Forum kurallarını hiç okudunuz mu?

Okumanızı tavsiye ederim.

Arada bir gelip bana ömürlük bir alet önerin alıp kurtulayım olaylarından kartuşlu aletlere dönmüşsünüz.

Tercihiniz bu yönde olacaksa size kartuşlularla mutluluklar dilerim.

Onun dışında fırça krem sabun losyon anlamında Geltir'den sonuna kadar faydalanabilirsiniz. Herkes memnun olur.
Cevapla
#75
(06/09/2019, Saat: 13:07)hakan88 Adlı Kullanıcıdan Alıntı: Ben kirli sakal kullanan birisiyim ve bu sebeple sakalımı ayda 1 keserim.
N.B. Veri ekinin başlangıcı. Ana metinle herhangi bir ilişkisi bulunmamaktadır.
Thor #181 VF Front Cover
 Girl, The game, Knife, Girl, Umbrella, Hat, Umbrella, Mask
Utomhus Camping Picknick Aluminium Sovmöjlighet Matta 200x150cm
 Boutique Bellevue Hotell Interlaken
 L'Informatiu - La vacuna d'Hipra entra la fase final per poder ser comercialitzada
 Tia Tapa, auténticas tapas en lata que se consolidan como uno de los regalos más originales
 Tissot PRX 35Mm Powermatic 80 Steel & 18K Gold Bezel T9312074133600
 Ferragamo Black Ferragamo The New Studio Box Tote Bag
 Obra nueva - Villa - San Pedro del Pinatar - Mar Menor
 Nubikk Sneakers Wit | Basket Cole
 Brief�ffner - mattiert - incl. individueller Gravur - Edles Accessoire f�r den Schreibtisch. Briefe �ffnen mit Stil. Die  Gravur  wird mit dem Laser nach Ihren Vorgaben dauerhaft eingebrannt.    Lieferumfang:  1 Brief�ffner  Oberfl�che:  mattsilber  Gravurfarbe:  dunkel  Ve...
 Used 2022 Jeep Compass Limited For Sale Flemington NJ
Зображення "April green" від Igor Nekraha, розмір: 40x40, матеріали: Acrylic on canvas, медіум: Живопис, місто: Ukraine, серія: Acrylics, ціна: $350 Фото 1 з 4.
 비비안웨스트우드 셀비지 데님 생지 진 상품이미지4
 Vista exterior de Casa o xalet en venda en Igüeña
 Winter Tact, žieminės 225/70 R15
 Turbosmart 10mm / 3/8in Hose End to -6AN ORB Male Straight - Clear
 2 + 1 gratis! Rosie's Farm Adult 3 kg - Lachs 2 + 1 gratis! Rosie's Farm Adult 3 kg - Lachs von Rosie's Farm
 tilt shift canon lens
Şimdi Komşum siz ayda bir sakal kesen biri olarak Elinize hiç ustura aldınız mı? Jiletli yada Çelik ustura yada ayarlı bir alet, açık taraklı agresif bir alet yada mild bir alet, yada 50mm SE alet hiç kullandınız mı? Ayda bir tıraş olan biri olarak zannetmiyorum? bir alet iki jilet kullanmışsınız ve tahriş olduğunuz için bir kenara bırakmışsınız klasik aletleri. Buna saygım sonsuz. Tercihiniz kartuşlu aletlerden yanadır bu bir zevk işi. Ancak bu alemdeki insanların hepsi kendine zaman ayıran kişisel bakımına özen gösteren el tırnağını keserken bile solingen kullanan insanların olduğu bir topluluk.
Sizin çevrenizdeki arkadaşlarınıza ve size bu derece insanın kendine özen göstermesi sakal tıraşına 30 dakika ayırması abes gelebilir. Ben bir devlet adamıyım. Her gün sakal tıraşı olmak zorundayım sizin gibi 30 gün lüksüm yok. Sabah yada aksam 30 dakika kendime ayırmayı seviyorum. Öyle 5 dakika da zart diye olunan tıraşlar da benim ve benim gibi bir çok insanın tahriş olmasına neden oluyor. kıpkırmız boyun ile makama gidemem ben. Eğer üşeniyorsa kişi olmasın geleneksel tıraş kimse zorlamıyor.  
Zaman hırsızlığı konusuna gelince hala lafımın arkasındayım 20 yıl önce insanların kendilerine ayıracak daha fazla zamanı varken bugün insanlar kendilerine çok az zaman ayırabiliyorlar. Bunu görmemek gerçeği inkar etmektir. 30 tane takım elbisem var hepsini mağazadan aldım. Mağaza müdürü olsun çalışanları olsun hepsi ile çok güzel dostluklarım oldu ve hala insani ilişkilerimiz devam etmekte, o mağazanın çalışanları ile halı saha maçı dahi yaptım. Ben de internetten bir tıkla takım elbise almayı bilirim ancak dostluk satın alamam. Aynı şekilde ayakkabı ihtiyacımı da  mağazalardan yaparım alışveriş yapmasam bile mağazaya girdiğimde beni karşılarlar hoş beş sohbet ederek iki lafın belini kırıp hadi selametle deyip mağazadan ayrılmak bile hem çalışanlar için hem benim için güzel oluyor.  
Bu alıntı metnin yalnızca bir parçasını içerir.